MİT Museum of Espionage
- Location: Ankara, Turkey
- Coordinates: 39°57′29″N 32°48′20″E﻿ / ﻿39.95806°N 32.80556°E
- Type: Espionage
- Key holdings: Spy equipment
- Owner: Milli İstihbarat Teşkilatı (MİT)

= MİT Museum of Espionage =

Spy museum in Ankara, Turkey

The MİT Museum of Espionage (MİT Casusluk Müzesi) is a non-public museum owned by the Turkish National İntelligence Organization (Milli İstihbarat Teşkilatı, MİT) and located in Ankara, Turkey. Situated within the campus of the MİT, it is dedicated to the history of espionage featuring a collection of spying equipment.

In 2011, during the celebration of MİT's 85th anniversary of foundation, it was learnt that the institution owns a spy museum. The internal museum opened its door for the first time to the public in history in October 2013 upon request by a major Turkish daily. Only historical spying artifacts used between World War II and the end of Cold War were on display while contemporary "top-secret" labeled instruments remained still locked up.

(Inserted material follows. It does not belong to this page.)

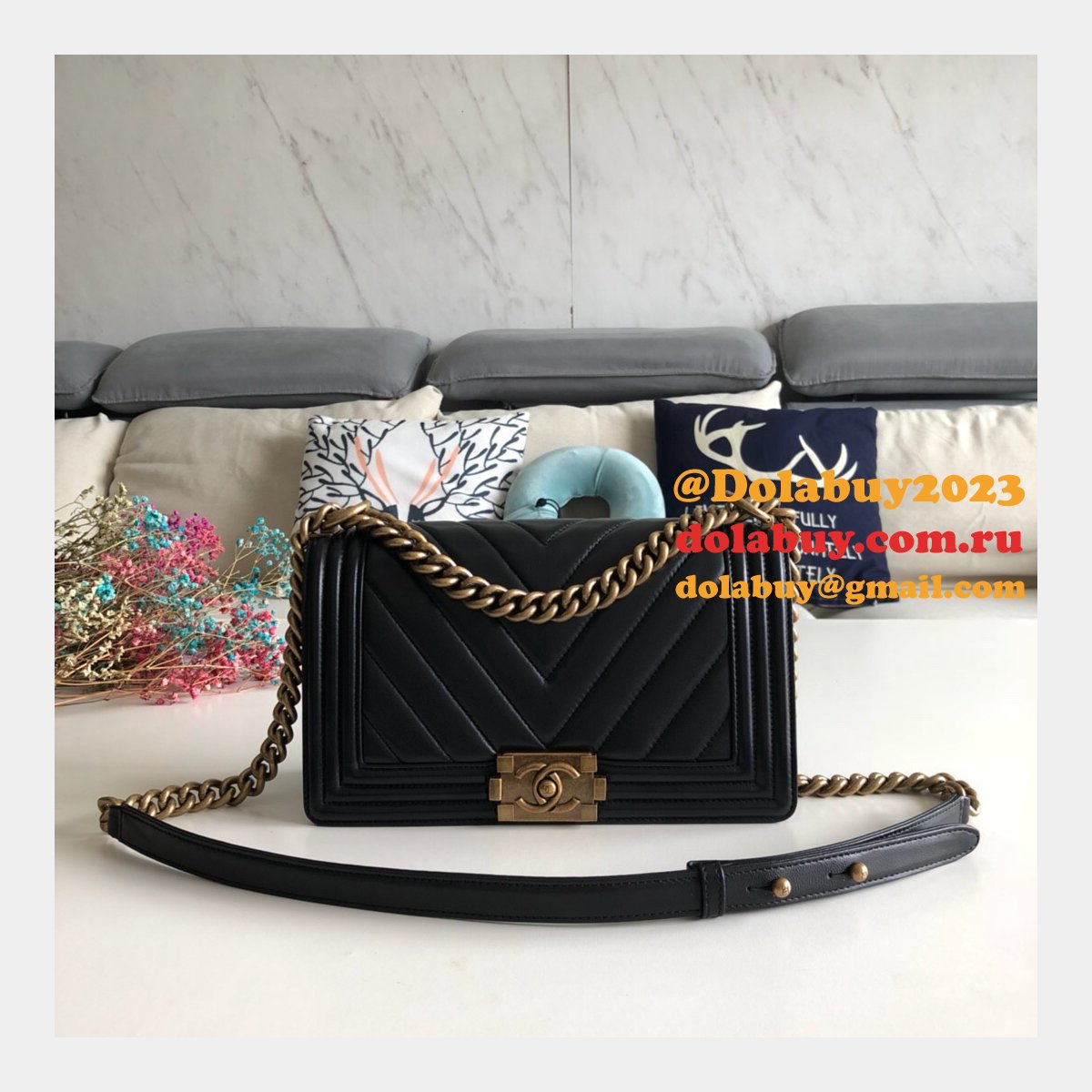 UK CC V Le Boy Top Quality Replica Black Bags Lambskin 25cm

The instruments on display in glass cases, categorized as "technical documentation", consist of equipment for espionage techniques in voice (eavesdropping, call recording) and image processing (photograph, video frame) as well as monitoring (audio surveillance, wiretapping). The c.150 exhibited items include a voice-recording watch, a bug-hiding shoe wedge, a radio transmitter disguised as a personal weighing scale, holed iron bolts, soap and stone piece for hiding encrypted documents or codebook (block cipher) as well as various pieces of spying equipment in the form of utensils like pens, plug fuses, etc. Also bugs, detected in buildings of Turkish diplomatic missions abroad in the Cold War era between 1967 and 1989, are on display. The information about at which operation or where that espionage equipment is used is kept still secret.